Fly Girls

For its 10th anniversary, d9 goes airborne.

RIGGED

Velocity MainSpace Theater, 915 E. Pine, second floor, 781-7746, $12-$14 8 p.m. Fri.-Sun. runs Fri., Oct. 4-Sun., Oct. 13

MOST DANCERS GET ready for a new work by taking class and doing some aerobics or weight training; for their upcoming show, Rigged, the members of d9 Dance Collective went outside and climbed some trees. It was preparation for the ropes from which they'll swing during Lisa Race's sextet "Tether."

Race, a New York-based choreographer, makes the kind of big, physical dances for which Seattle's d9 has become known over the last 10 years. In addition to her background in modern dance and contact improvisation, you can see hints of gymnastics in her work—the performers spend a considerable amount of time upside down or backside front, with hands taking the place of feet to support their weight. Leaving the floor was the next logical step.

"I wanted to see what it would be like to really fly," says Race.

The "flying" in the piece is as much about endurance as exhilaration: Unlike some aerial work that de-emphasizes the effort, you actually see the muscle it takes to lift oneself onto a rope or a trapeze. The pendulum swing of the rope is disturbed, jerked aside when it shudders into a new direction as the dancers lever themselves into a sequence of positions. You hear the creak of the rope as it stretches, the groan of metal in the rigging. In combination with the suggestion of bells in the music score, the dance resembles the workings of a boat; the end, with the performers caught up in their ropes like fish in a net, reinforces that image.

When Race first made the work for a quartet in 1994, she had difficulty finding a rehearsal space where she could set up her equipment. Most studios didn't have the beams or pipes in the ceiling that could support the dancers' weight, so she wound up slipping into theaters after hours. The challenge of equipment has been an issue for d9's production as well. Company member Michelle Miller saw the dance several years ago and wanted to bring it to Seattle then, but it's only this year that the Velocity space installed the additional pipes in the ceiling needed for the performance.

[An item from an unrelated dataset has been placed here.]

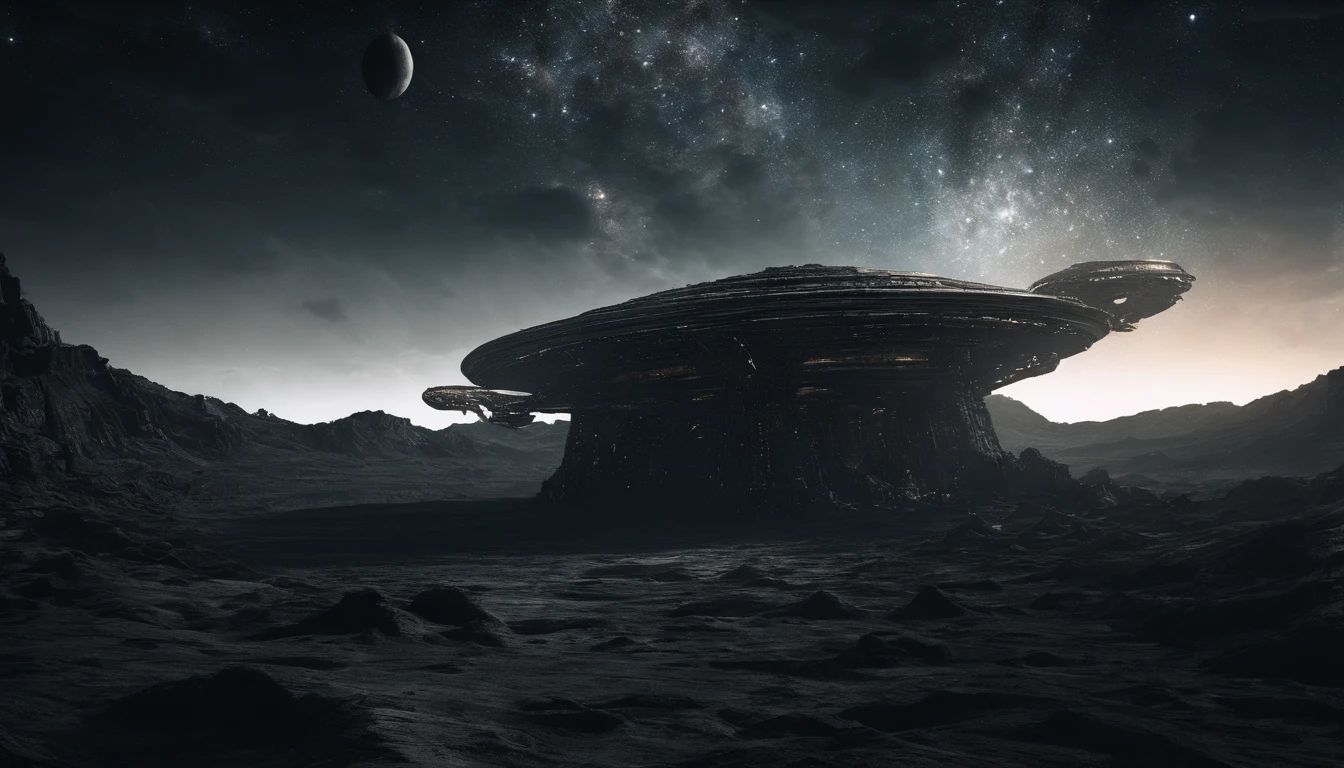 ((Masterpiece)),(Best quality)),Magnificent space image scene,heavenly body,Interstellar,((Huge star gates)),black hole,(((Huge starship))),Spaceship,Shining starry sky,8K,super-fine,high qulity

In addition to "Rigged," d9's 10th- anniversary program will include "Incognito," a new piece by Ecuadoran-born choreographer Pablo Cornejo, and KT Niehoff's light-hearted "White Girls," with music by Amy Denio.

D9 CHOSE "TETHER" the same way it has acquired all of its repertory over the last decade—at the request of its members. Unlike most dance companies, in which a choreographer or director makes decisions, the members of d9 make artistic choices themselves. As a collective, the group shares responsibilities, resulting in a process that's filled with meetings ("Sometimes more meeting than dancing," Miller admits).

This "direction by democracy" aesthetic has brought some exciting choreography to Seattle: dances by Gregg Bielemeier, Joy Kellman, Bebe Miller, and Donna Uchizono, as well as commissioned work by many local artists. Sometimes, though, this smorgasbord approach to programming seems too broad, and you wonder what the company might accomplish if it had an overarching mission. The group considered rotating the artistic direction among the members but finally rejected the idea. After several experiences in other companies where decisions were made for them, says Miller, the dancers feel strongly about keeping that control for themselves, so the independent nature of the group is reflected in its programming.

The traditional dance company structure, with performers as acolytes and directors as leaders, has been shifting for many years. Dancers work in several different ensembles and choreographers job out for individual projects. But d9 has taken a giant step along that continuum. In a world of independent contractors, perhaps its mission will become the standard structure. For a troupe that has set a chunk of dance history on its head, it must seem appropriate to perform upside down.